- Born: 21 February 1908 Italy
- Died: 11 September 1927 (aged 19) Italy

= Paola Renata Carboni =

Paola Renata Carboni (21 February 1908 - 11 September 1927) was an Italian teenager. In her beatification process, she was declared venerable in 1993.

== Life ==
Carboni was the fourth of eight children of a physician who refused to permit his children to attend church or be instructed in religion. An aunt secretly had the girl baptised and taught her the beginnings of the catechism. When she was fourteen, she and one of her sisters were sent to a separate school and lived near a devout Catholic family who took them to Mass. Both Carboni and her sister began attending church and studying with a priest, who secretly bestowed them the sacrament of Holy Communion and confirmation. The girls eventually told their father, who continued to object to their religious practice but reluctantly allowed them to continue attending church.

Carboni had hoped to become a missionary, but her weak health, including a form of colic she suffered from age thirteen, prevented it.

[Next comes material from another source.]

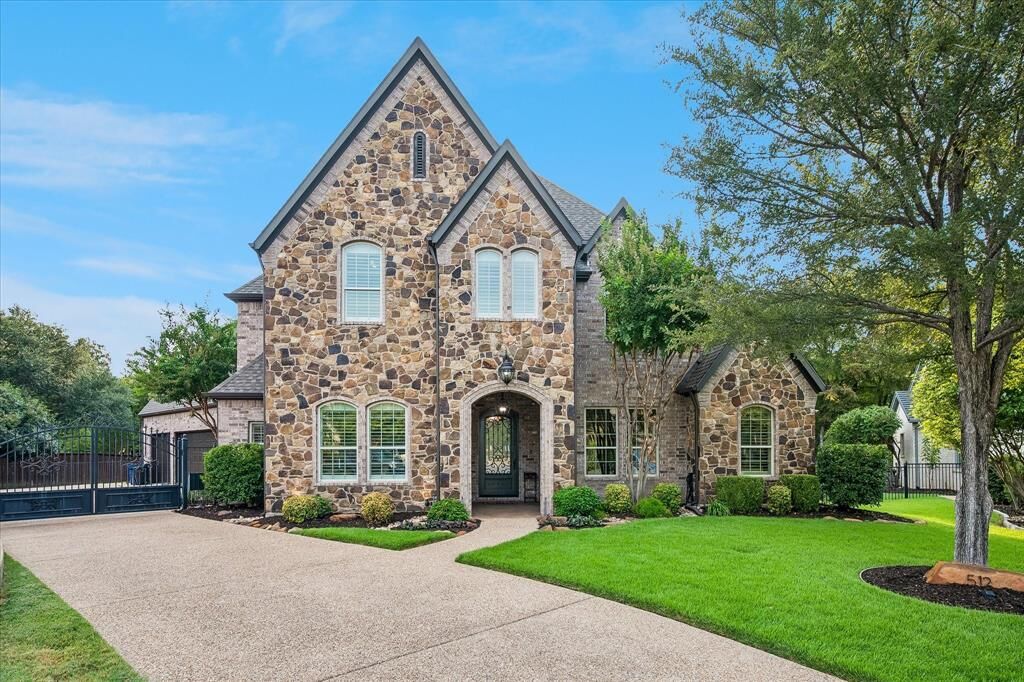 Property Photo:  512 Clear Vista Drive  TX 76262 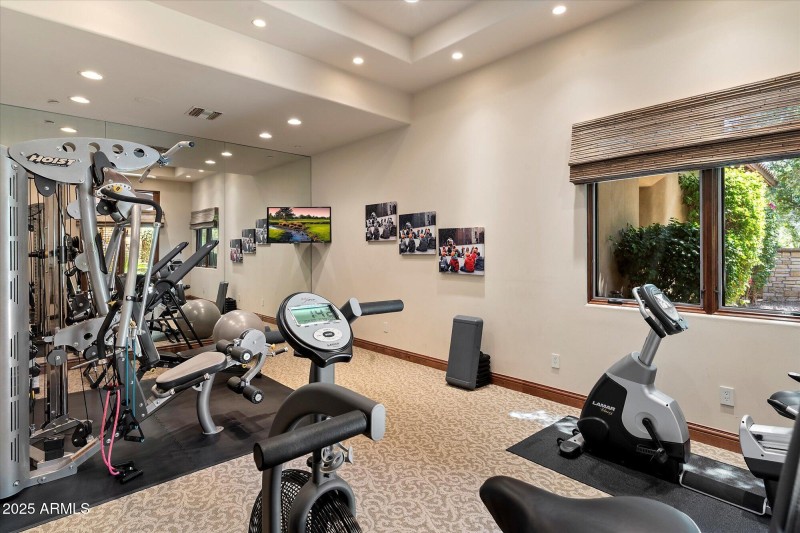 GYM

She became a teacher instead at a Catholic school, where she taught for two years. She also joined the group Catholic Action and served as the diocesan secretary of the Female Youth. Younger girls often came to her for help with their problems and spiritual counsel. She and her sister made a pilgrimage to Rome in the spring of 1927 and visited places frequented by their favourite saint, Therese of Lisieux. During the pilgrimage, Carboni made a vow of virginity.

In August 1927, Carboni contracted typhus and developed a high fever. She faced death peacefully, to the dismay of her relatives, especially her father, who was helpless to end her suffering or make her well. She was said to have offered up her suffering for the conversion of sinners and for her father, who she hoped would convert to Catholicism. When she died, her father refused to enter the church for her funeral, but did go to the graveyard for the service. He remarked, "Now she is with her God". Some years later, her father did decide to convert to Catholicism.

Carboni was declared venerable by the Roman Catholic Church in 1993. Her remains are interred in the Church of the Madonna of Mercy in Fermo.